EXERCISE PROMPT: Reproduce precisely the lines of the listing below, starting with the line that contains "Działka 1506 m2" and stopping after the line that contains "Fiori di Castagno: Un'Introduzione"; include nothing else.

DATA FOR ANALYSIS:
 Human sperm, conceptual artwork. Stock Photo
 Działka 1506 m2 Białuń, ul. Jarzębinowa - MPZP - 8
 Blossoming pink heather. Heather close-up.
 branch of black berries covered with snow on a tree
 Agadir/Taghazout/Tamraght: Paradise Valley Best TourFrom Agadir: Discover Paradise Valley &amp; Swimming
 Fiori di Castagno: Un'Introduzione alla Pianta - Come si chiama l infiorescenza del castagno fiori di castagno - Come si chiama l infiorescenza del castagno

...

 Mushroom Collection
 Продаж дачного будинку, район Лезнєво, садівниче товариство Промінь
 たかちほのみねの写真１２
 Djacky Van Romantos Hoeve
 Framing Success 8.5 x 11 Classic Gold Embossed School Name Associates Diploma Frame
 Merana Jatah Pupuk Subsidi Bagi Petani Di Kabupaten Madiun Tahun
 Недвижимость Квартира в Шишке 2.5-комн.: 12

---

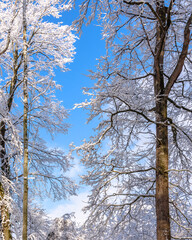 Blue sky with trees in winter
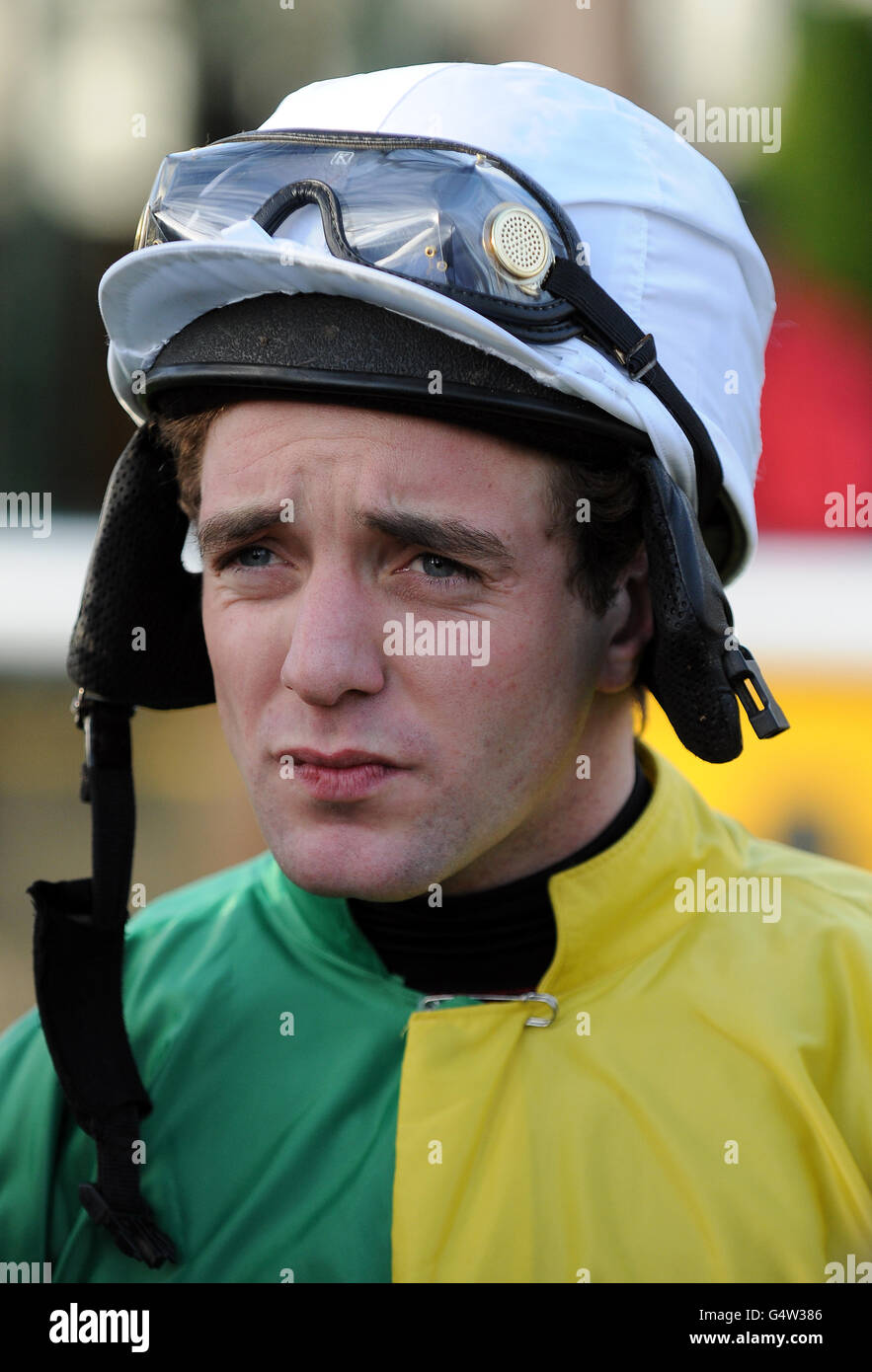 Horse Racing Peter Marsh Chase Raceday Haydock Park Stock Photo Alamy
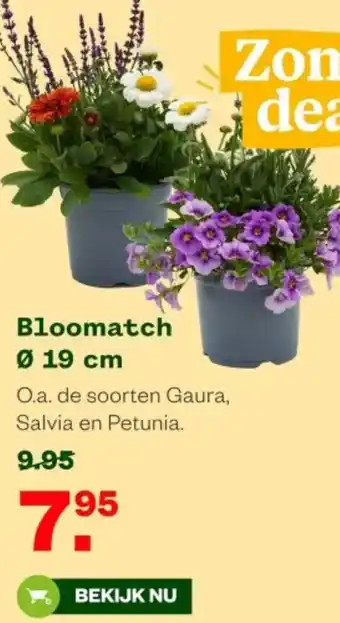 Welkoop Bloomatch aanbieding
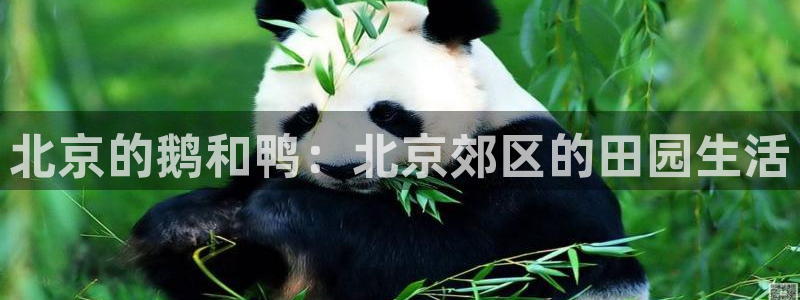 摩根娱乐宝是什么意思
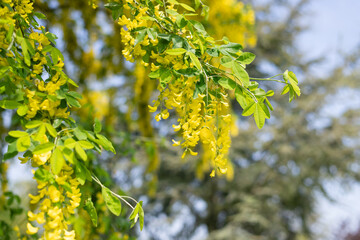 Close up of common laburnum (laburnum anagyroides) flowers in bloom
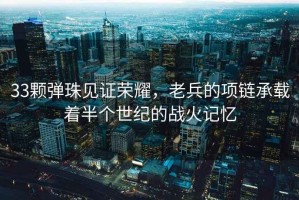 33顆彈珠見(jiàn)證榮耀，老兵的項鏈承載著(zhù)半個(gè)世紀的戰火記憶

REPLY:
 Działka 1506 m2 Białuń, ul. Jarzębinowa - MPZP - 8
 Blossoming pink heather. Heather close-up.
 branch of black berries covered with snow on a tree
 Agadir/Taghazout/Tamraght: Paradise Valley Best TourFrom Agadir: Discover Paradise Valley &amp; Swimming
 Fiori di Castagno: Un'Introduzione alla Pianta - Come si chiama l infiorescenza del castagno fiori di castagno - Come si chiama l infiorescenza del castagno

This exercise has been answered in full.